Finance from friends and relatives
One must keep options open when it comes to sources of funds for business. It may be the easiest way to get funds to borrow from friends and relatives. You may or may not pay interest. You may reply at your convenience. You certainly do not have to offer any security. The risk is that if you are not able to repay you stand to lose in your relationship.

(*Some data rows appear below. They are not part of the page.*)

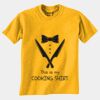 Gildan 8000B Youth DryBlend™ 50 Cotton/50 DryBlend™Poly T Shirt Thumbnail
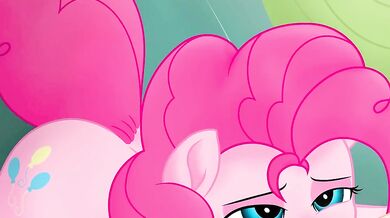 Hungry for dessert, she took a seat in the kitchen and waited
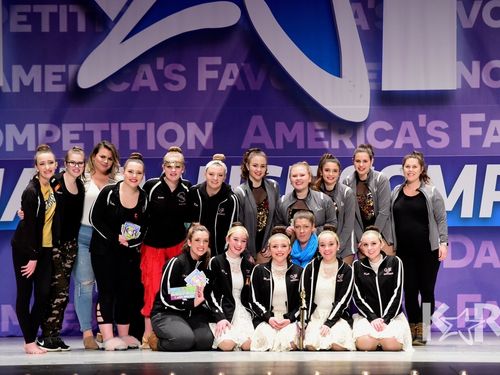 Concord, NH - 2/9/2019 - Awards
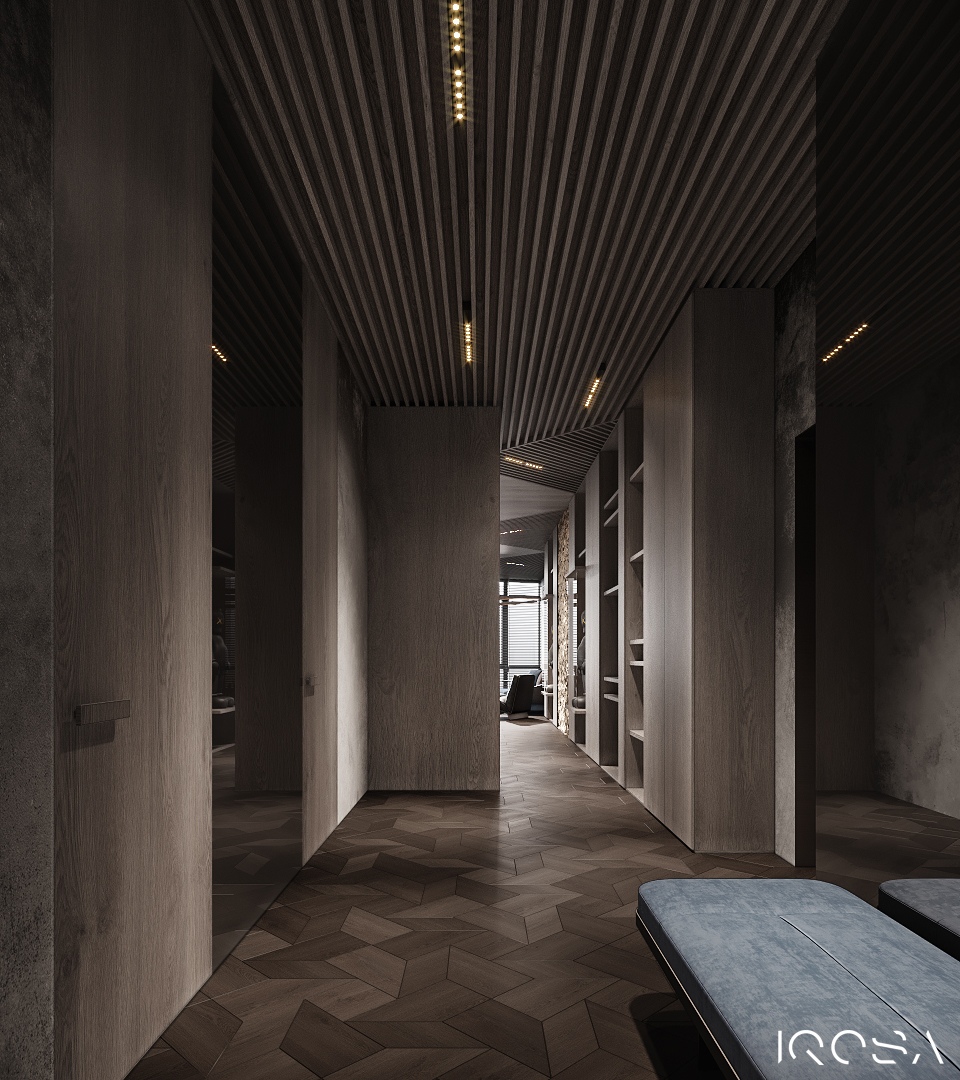 IQ-78-TT by IQOSA - Architizer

Loans against hypothecation of stocks, against orders and against invoices
No businessman should overlook these three vital sources of financing for small businesses. Loan against hypothecation of stocks is a nice way to have access to funds even after investing in stocks that may take some time to process into finished goods. Obtaining loans against orders is another way to remain liquid. One gets an advance of up to 70% of the order value and is free of cash constraints. Similarly, the gap between raising an invoice and receipt of funds can be anywhere from a week to a month or even 3 months. One can get finance against bills in the short term, of up to 70% of the invoice value and the lender “buys” the invoice, remitting the remnant part after taking his cut when the buyer makes payment.
The above three methods may not be suitable. There are times when a merchant is stuck and the only way to get funds in hand quickly to meet immediate requirements is to go the merchant cash advance route. Any merchant in operation for two or three years with a credit card sale of $10,000 can access funds up to $200,000 simply by furnishing proof of identity, proof of ownership of business, proof of residence and bank statement. No collateral is asked for and repayment is tied to card sales as a percentage. The downside is that the factor rate or APR is high but then when one gets MCA from a suitable lender the terms are reasonable.
A wise businessman will explore and keep all options open, taking the best one when required and forge ahead.